UIMA Integration Level 2: UIMA control flow • If KITE plugins were UIMA components, then presumably the UIMA collection processing manager (CPM) could provide flow control among them • Flow from source mapper target is handled well by UIMA’s built in “fixed flow.” • Flow within an aggregate mapper in KITE is more complex. • Cascade aggregate is essentially “fixed flow” with deferment • Selection aggregate is a different flow and also requires deferment • Fortunately, flow control is a pluggable element of the UIMA framework. • Thus (presumably) the KITE built-in aggregate mapper types could be written by KITE developers as UIMA flow control plugins. • If KITE application developers wanted their own aggregate mappers, they could develop their own UIMA flow control plugins.
ECore Integration Data String typeNameString id • Recall the UML model for KITE data: • There are many existing standards for storing instances and links among them. • ECore is one such standard that has a great deal of existing tool support. • UIMA interoperability with ECore is currently under development. • Maybe we should use ECore for KITE data.
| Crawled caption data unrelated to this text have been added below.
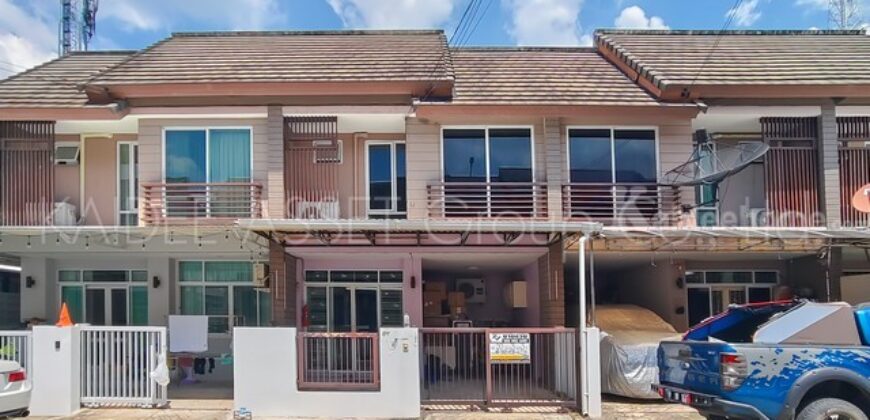 ทาวน์เฮ้าส์ เดอะ ฟรอนท์ วัชรพล ( The Front ) ใกล้รถไฟฟ้า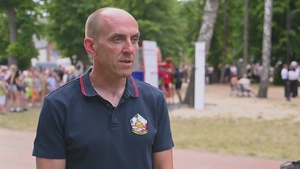 INTERVIEW: Col. Jeremy Mchugh discusses Freedom Fest celebration in Powidz
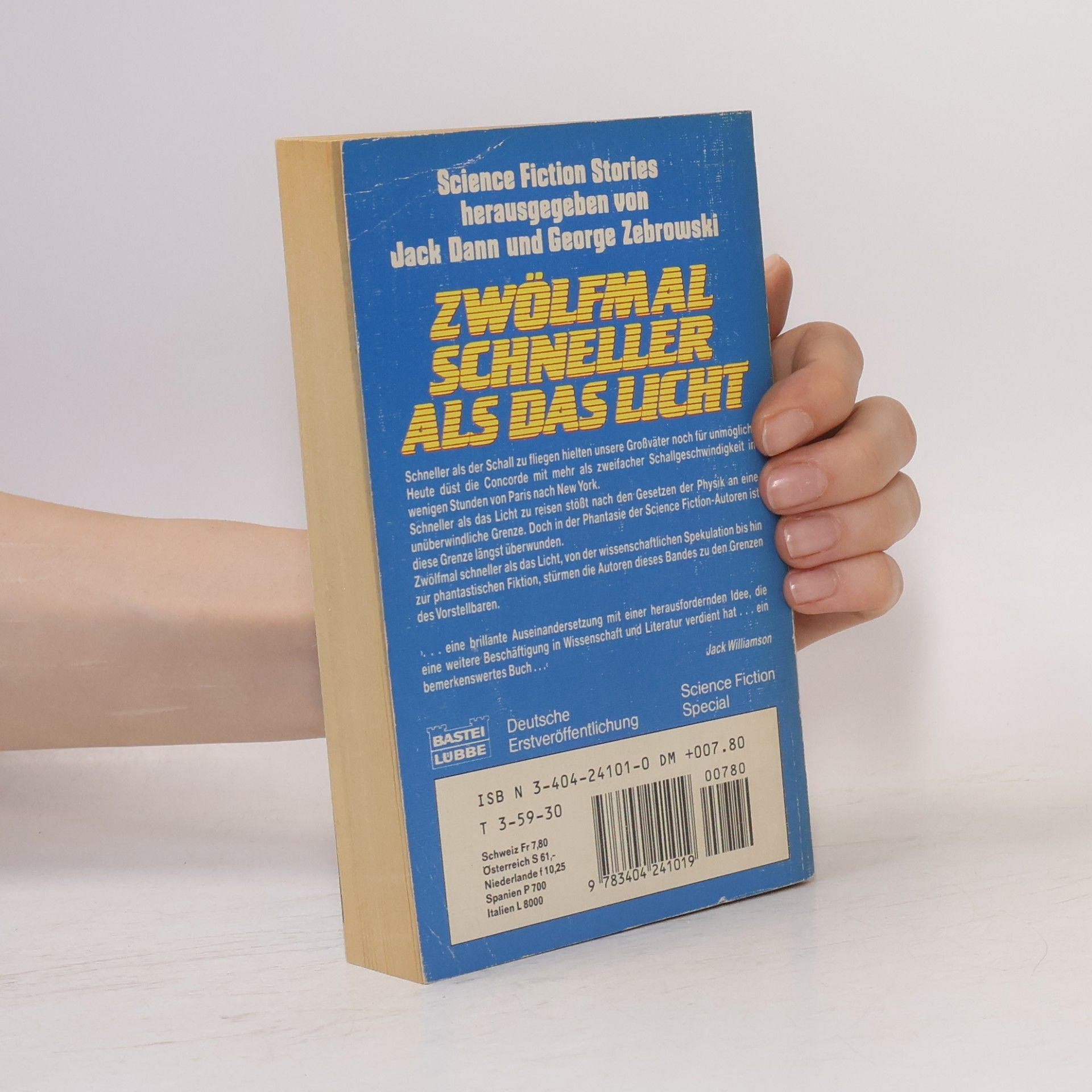 Jack Dann Zwölfmal schneller als das Licht. Science Fiction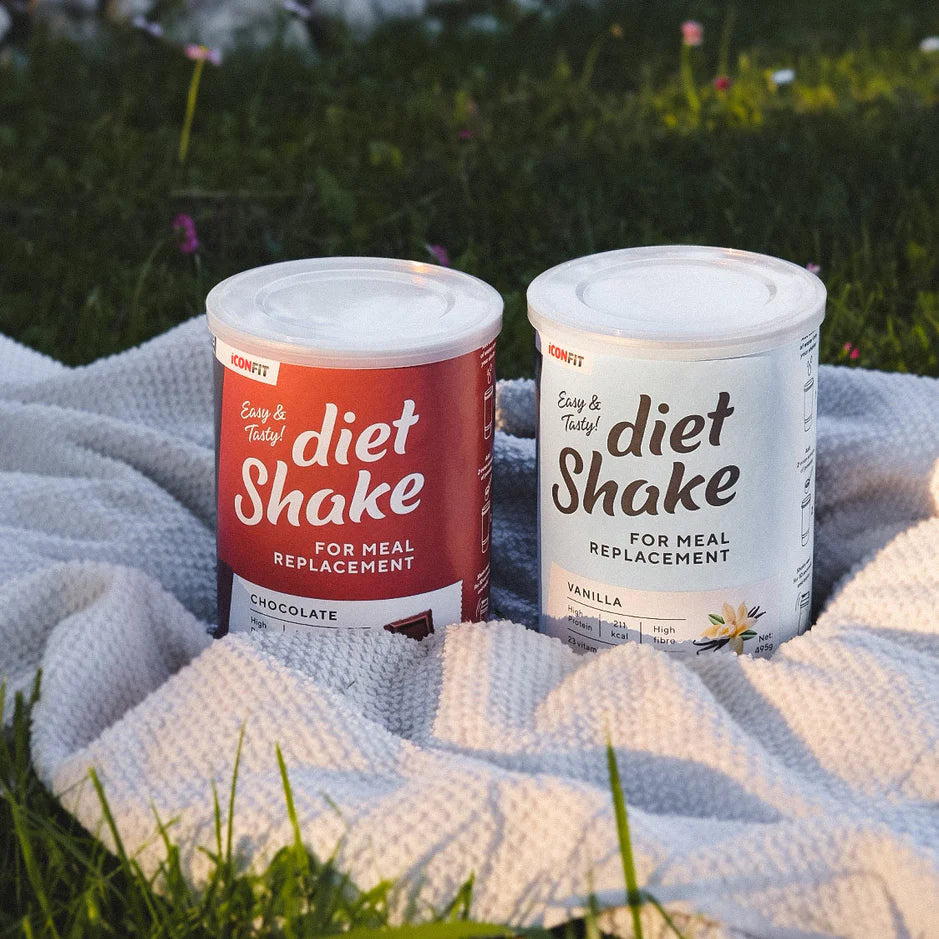 ICONFIT Diet Shake - Suklaa 495 g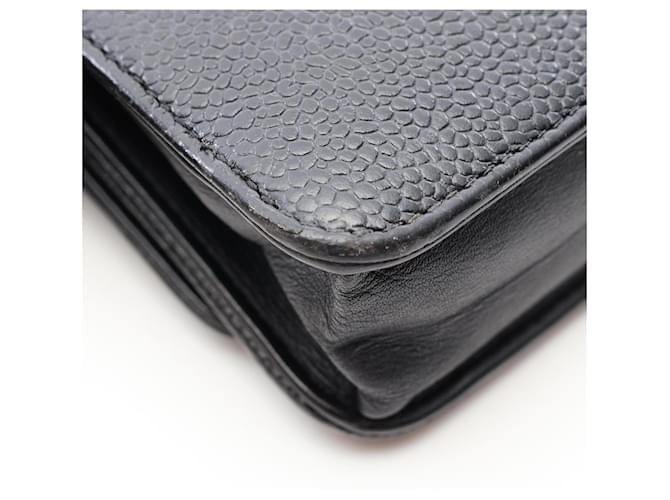 Borsa a Spalla Chanel Coco Mark Nero - vista 6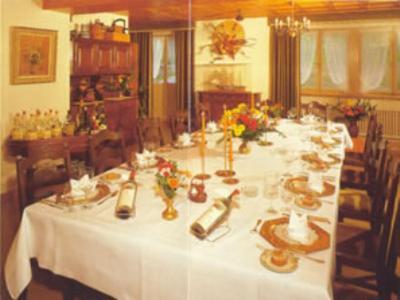 Hotel Restaurant Moleson Flamatt Buitenkant foto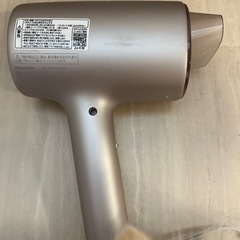 パナソニックドライヤー24年製の画像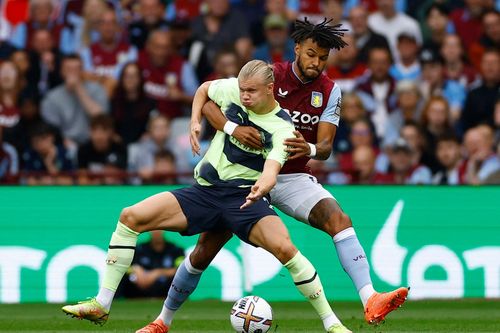 Haaland lập công, Man City bị Aston Villa cầm hòa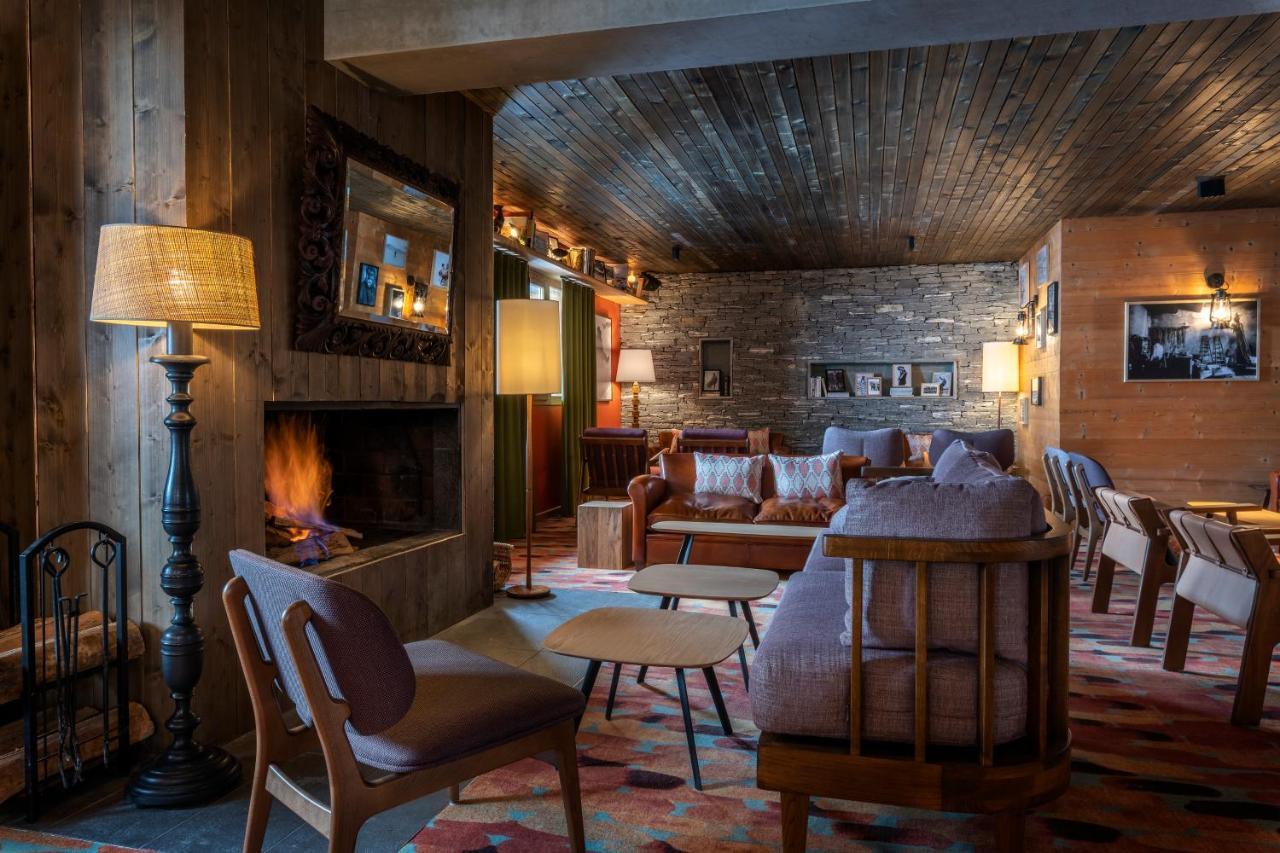 Chalet Hotel Kaya Saint-Martin-de-Belleville Eksteriør billede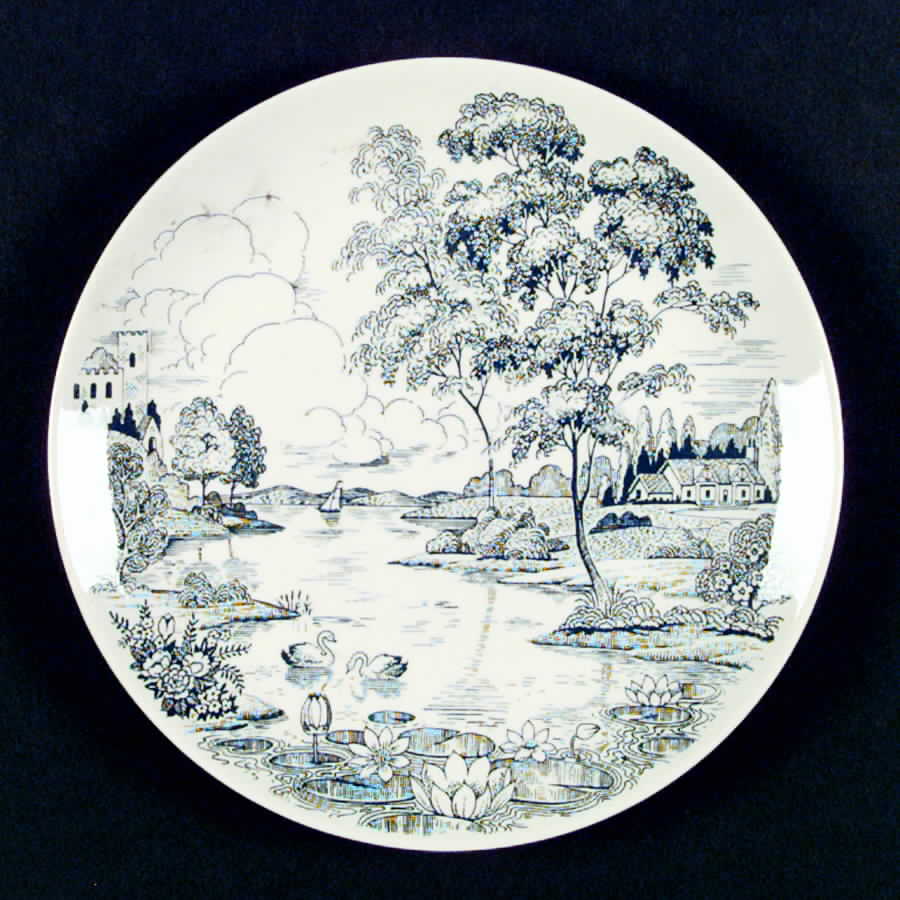 HLC1308 Dinner Plate by Homer Laughlin -1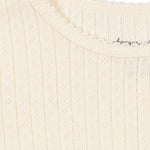 Konges Sløjd A/S JERSEY BLOUSES antique white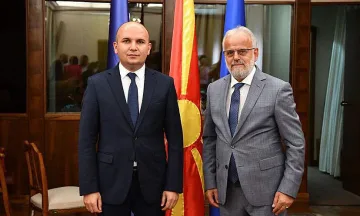 Илхан Кючюк със специална мисия в Северна Македония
Tuple Instance List<String> arguments LabeledInstance String canoncialFormString[] variantForms
Larger Scale • We have been using the KITE-based “EKDB HUTTKANI” application for a 2006 evaluation being conducted by National Institute of Standards & Technology • Input: ~580 thousand entities, ~450 thousand relations extracted from a 169MB text corpus with 37,442 documents • The KITE-based application takes about 2 hours to run on this data. • It requires more than 1.5 GB of Java heap space and thus can only run on a 64 bit computer. • This application must be faster and more memory efficient if it is to effectively scale to multi-GB corpora. • Some improvements will be local to specific plugins used in the application (e.g., EKDB RDF Target Plugin) • Other improvements may involve more fundamental alterations to the KITE architecture
Open Questions • What are the top priorities for future development? • What external requirements are driving deadlines? • NIST evaluation • Commercialization of SAW • Others? • What is the timeline?